Interview

Christine and the Queens was tired of being a woman because of what it meant to other people

“That’s interesting, right? That’s something I could talk to a shrink about…”

Surrounded by stacked chairs on the first floor of Le Pavillon du Lac – in Paris’ Parc des Buttes-Chaumont – one of France’s most critically-acclaimed artists is laughing as she recalls how she always “hated” her voice growing up. If it’s a surprisingly candid start to an interview, it’s an even more implausible beginning to the career of the singer-songwriter behind multi-platinum-selling bilingual pop project Christine and the Queens.

Born and raised in Nantes, the musical tastes of Héloïse Letissier and her older brother were shaped by their parents. Mixing classical and jazz music with pop and rock, their eclectic record collection included French artists Christophe and Alain Bashung, plus David Bowie and Klaus Nomi. “It was really sometimes daring, the choices they made,” Letissier remembers fondly. “They opened me up to really different artists, and to strong personalities as well. I still don’t know why my parents listened to Klaus Nomi for the first time, but I’m glad they made me discover this really out-of-this-world, extraterrestrial character.”

Letissier was tutored in piano and solfège but she describes her early relationship with music as “ambivalent” at best. “I was surrounding myself with music, but I was sure that I couldn’t make any. Funny, right?” she exclaims, grinning. “I always considered myself a lousy musician before I started to sing. I was studying theatre and music, and the teachers wanted me to have singing lessons – like every other student – and I was just running away from it because I was feeling like my voice was a bit bland and boring.”

Letissier was 22 before she found courage to sing in public. In 2010, reeling from a romantic break-up and feeling unfulfilled by her studies in Theatre Design, she departed Paris for a three-week sojourn in London. “It was like a weird holiday of a depressed young girl,” she remembers with a wry smile. “I’d been before because of my father, the English teacher, and I always feel more alive in London than I do in Paris. I guess I just wanted to try to find new inspiration, and new reasons to be happy.
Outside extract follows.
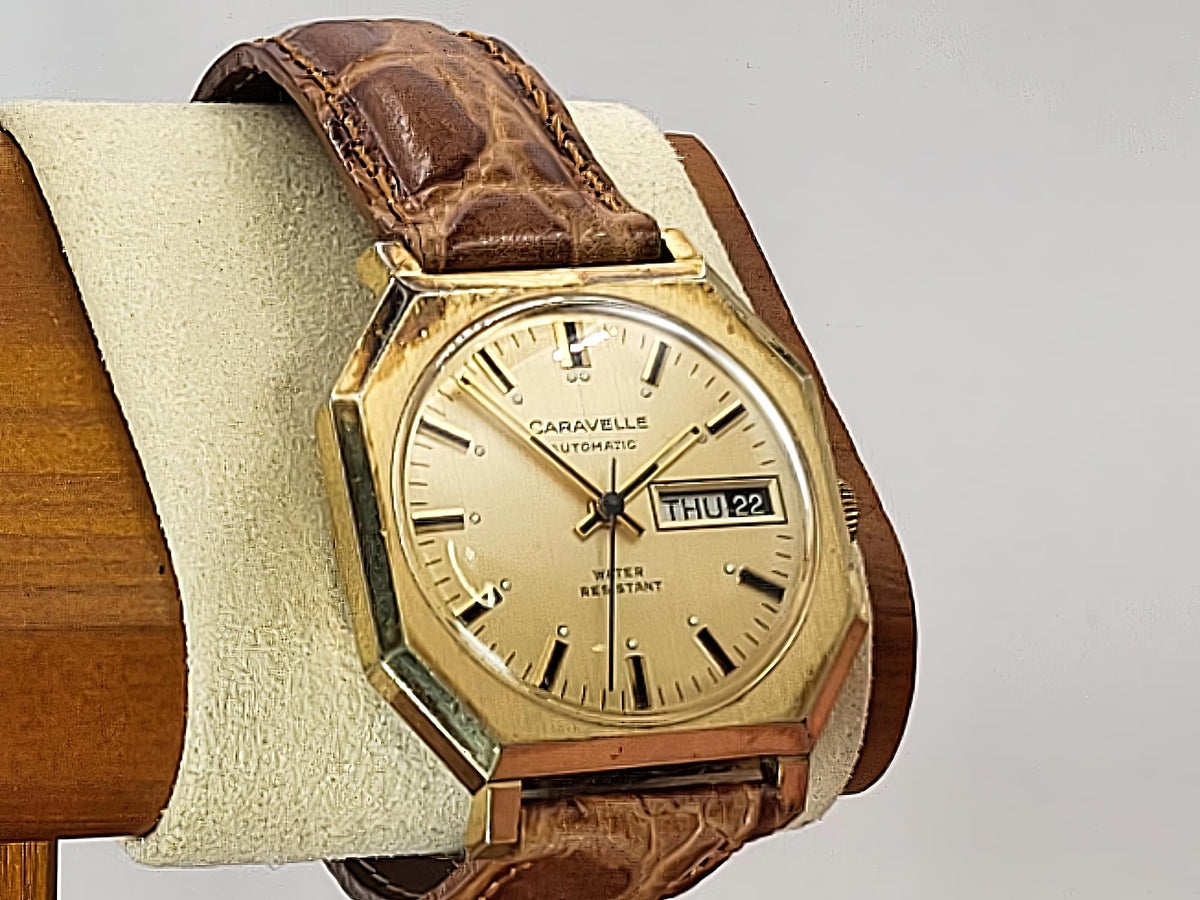 A vintage Caravelle Day-Date  wristwatch with an octagonal gold-tone case, cream dial, and brown leather strap, displayed on a cream cushion mounted on a wooden stand.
“So I had my Time Out in my hands, and I did stuff that I wouldn’t do usually, because I’m an introvert. I was going in the evening to parties and just sitting there alone, waiting for something to happen to me. And this is where I met the Queens, actually, in [now defunct Soho cabaret club] Madame JoJo’s.
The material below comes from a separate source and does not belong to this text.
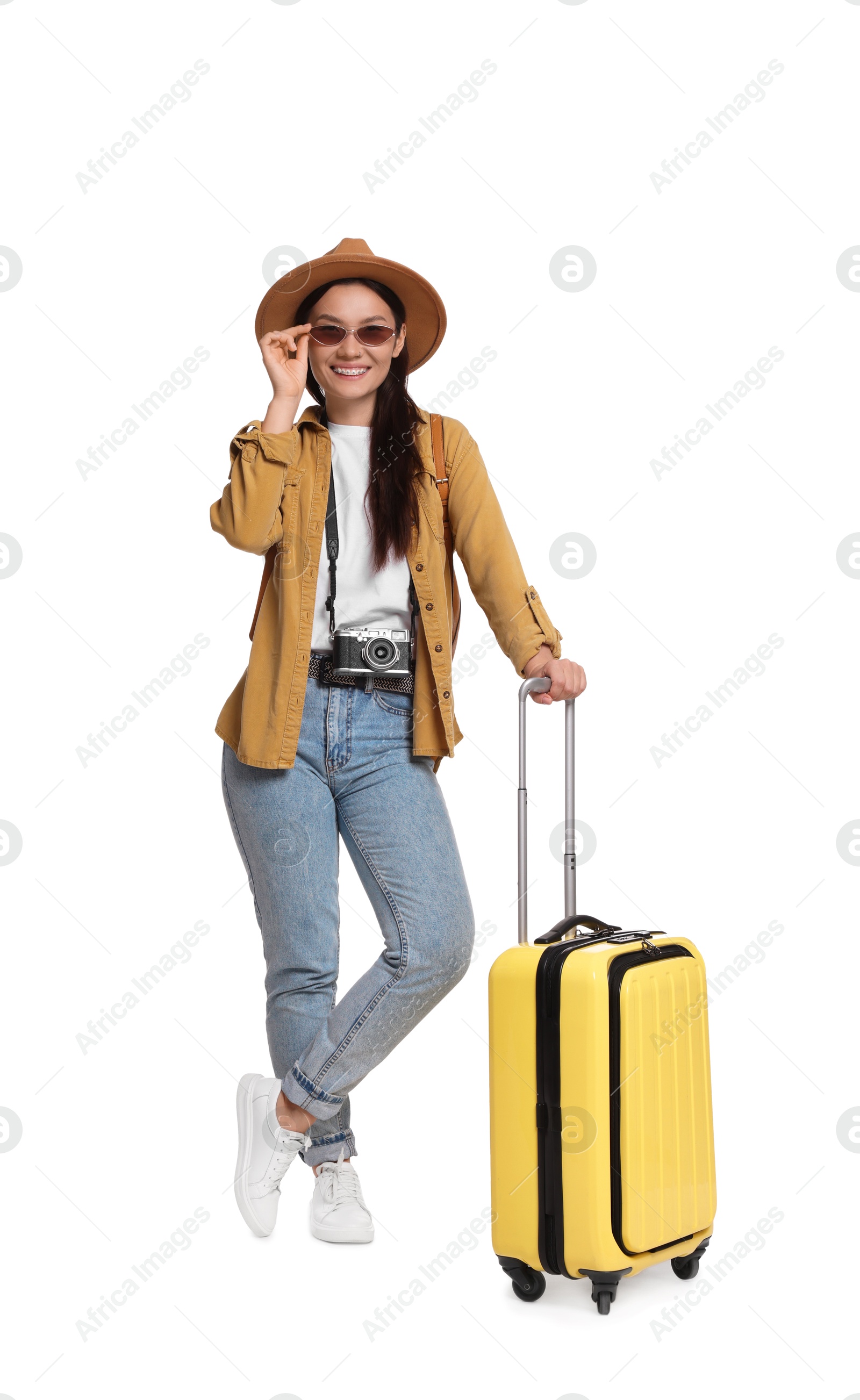 Photo of Happy traveller with suitcase on white background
“They were doing a number called ‘How To Make Music and Cook At The Same Time’ so it didn’t make any sense, cynically speaking, but the energy was so strong and so liberating that I started thinking about having a character that could overcome what I couldn’t overcome myself.”
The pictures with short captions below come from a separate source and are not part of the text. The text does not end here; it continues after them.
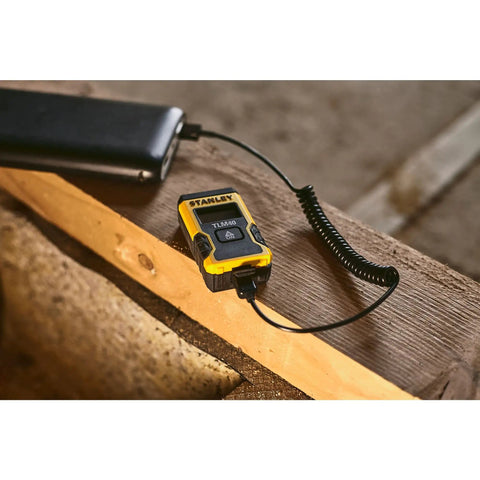 Laser Pocket Measure 12 m Handheld Distance Tool For Pros, Contractors, And DIYers, Compact And Durable Laser Measurer With Quick Readouts, Accurate Measurements, Ideal For Carpentry, Interior Design, And Renovations Model STHT77666-0 on wood plank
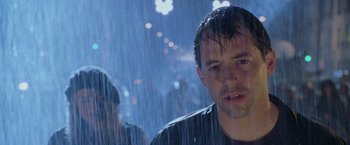 Movie still from “Godzilla” (1998), directed by Roland Emmerich – A man with wet hair standing in the rain at night; Close Up shot, Over the shoulder angle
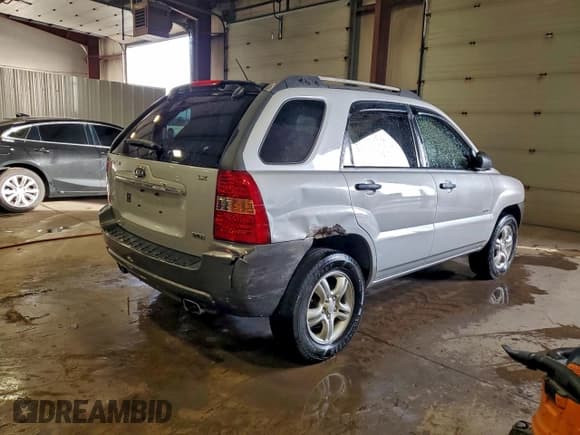 ✅ 2007 Kia Sportage LX • VIN: KNDJE723977447370 • Lot: 93623945. Wystawiony na Copart z przebiegiem 183 828 mil. Bezpłatny archiwum sprzedaży aukcyjnych z USA i szczegółowy raport historii pojazdu na DreamBid. Zdjęcie 3.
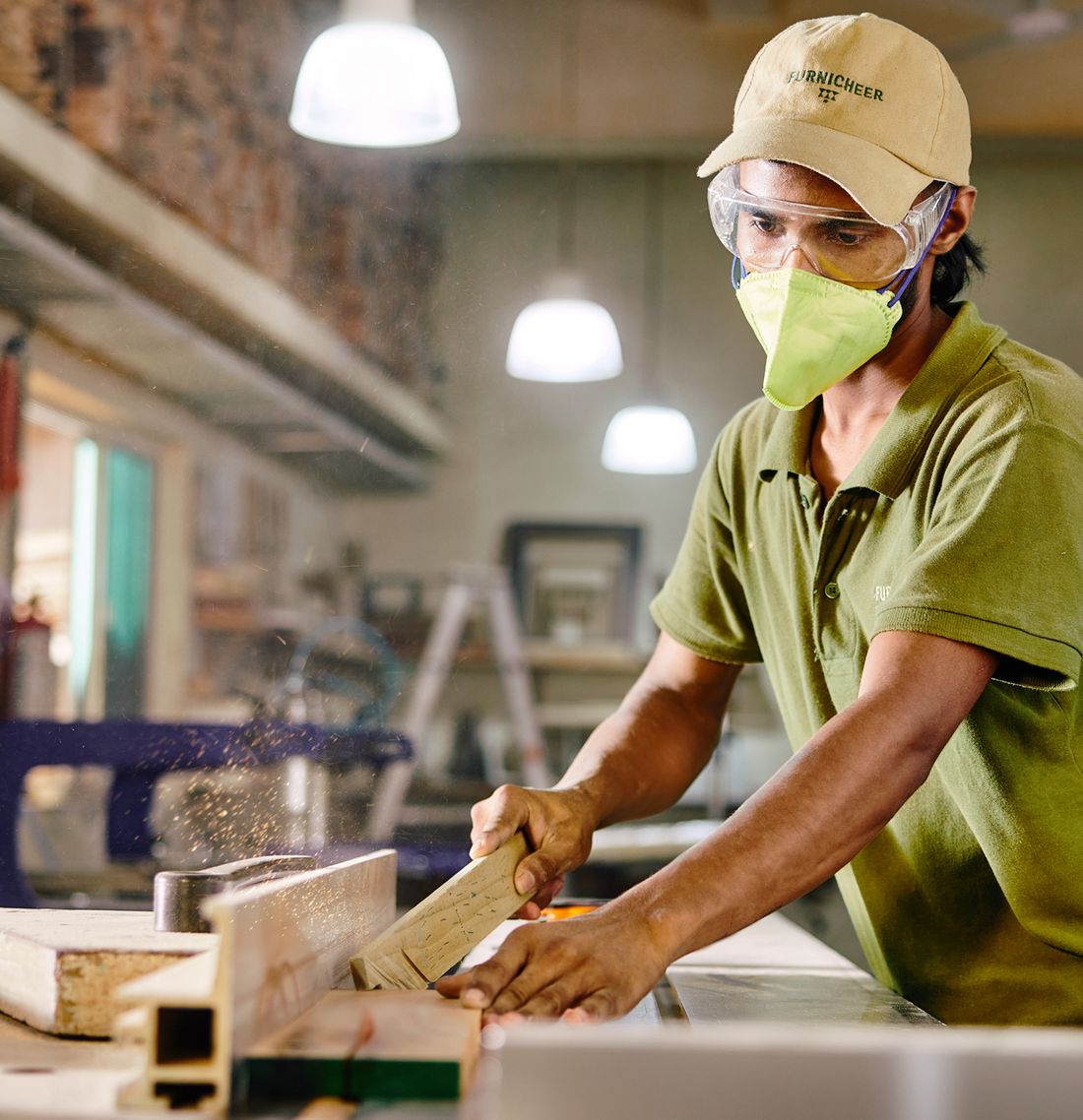 Furnicheer artisan shaping solid wood on a woodworking machine to create handcrafted wooden furniture.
The trio befriended Letissier and, having heard her humming, encouraged her to sing. “Weirdly enough, it was so liberating all of a sudden to sing,” she remembers. “Something clicked, and I have to say I still don’t know why. But what’s interesting is I now use [my voice] as an instrument, so I find things within it I probably wouldn’t find if I really loved it, you know? I stretch it – I try to work and make it stronger or thinner.”